The oil shoots straight out of my filter gasket. And my relatively new turbo, despite having a restrictor still smokes. It drains like 2-3 quarts of oil out the filter gasket in seconds. Do you think this is the oil pressure relief valve? Is this valve in the oil pump itself? Should I replace the oil pump or look at the oil cooler/filter flange? help me out guys!!!!!!!!!!


----------



## Sandman333 (Oct 28, 2002)

*Re: Too much oil pressure (GoKart_16v)*

Are you sure the old oil filter gasket isn't stuck to the block?

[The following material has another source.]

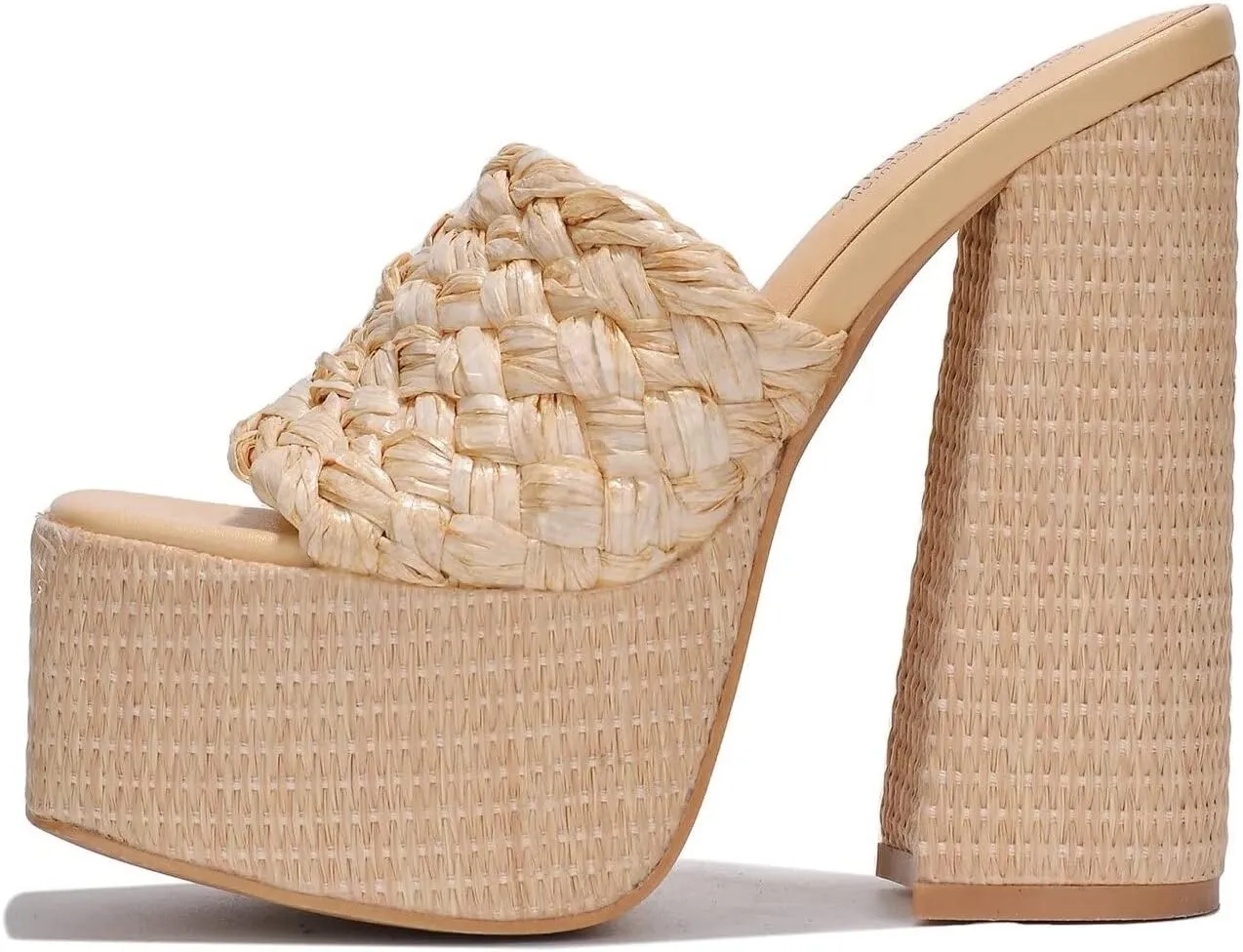 Cape Robbin Yara Nude Braided Strap High Block Heel Slip On Heeled Sandals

Sometimes when you take the old oil filter off, the gasket doesn't come with it, and can cause this problem.


----------



## CwazyWabbit (Mar 22, 2008)

*Re: Too much oil pressure (GoKart_16v)*

What is the pressure gage reading? Temp install a mechanical gage and see what it says. What brand of filter are you using?


----------



## GoKart_16v (Dec 17, 2004)

*Re: Too much oil pressure (Sandman333)*


_Quote, originally posted by *Sandman333* »_Are you sure the old oil filter gasket isn't stuck to the block? Sometimes when you take the old oil filter off, the gasket doesn't come with it, and can cause this problem.

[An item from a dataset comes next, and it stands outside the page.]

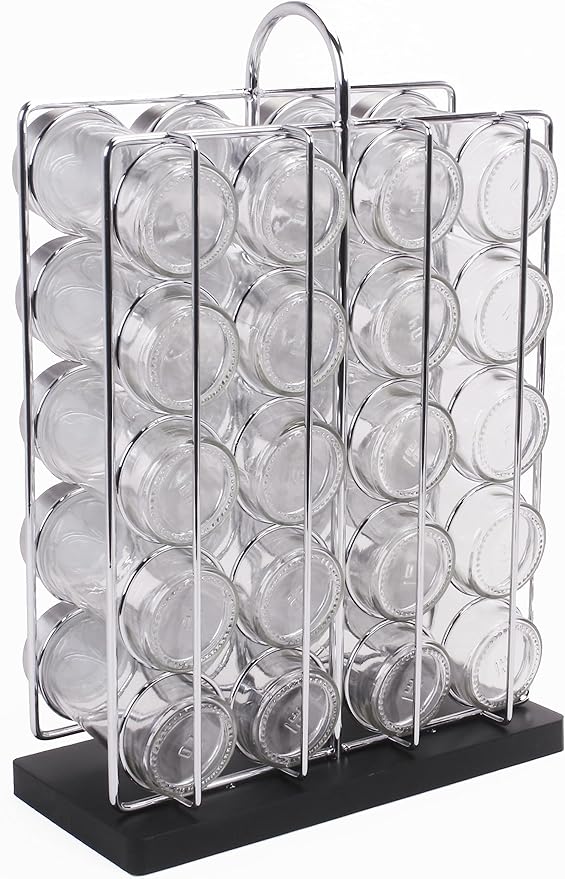 Orii 20 Jar Chrome Wire Spice Rack with Bamboo Base | Includes Silicone Funnel | 160 Preprinted + 20 Blank Spice Labels Included | Compact and Minimalistic Kitchen Pantry Spice Organizer Rack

pretty sure..it actually started with my oil filter...removed it, put a new in...it stretches the gasket and squirt out oil like crazy again


----------



## GoKart_16v (Dec 17, 2004)

*Re: Too much oil pressure (CwazyWabbit)*

no gauge...def thinking about a gauge, using WIX


----------



## GoKart_16v (Dec 17, 2004)

*Re: Too much oil pressure (GoKart_16v)*

update: looks like it was the oil pump relief valve...replaced it today


----------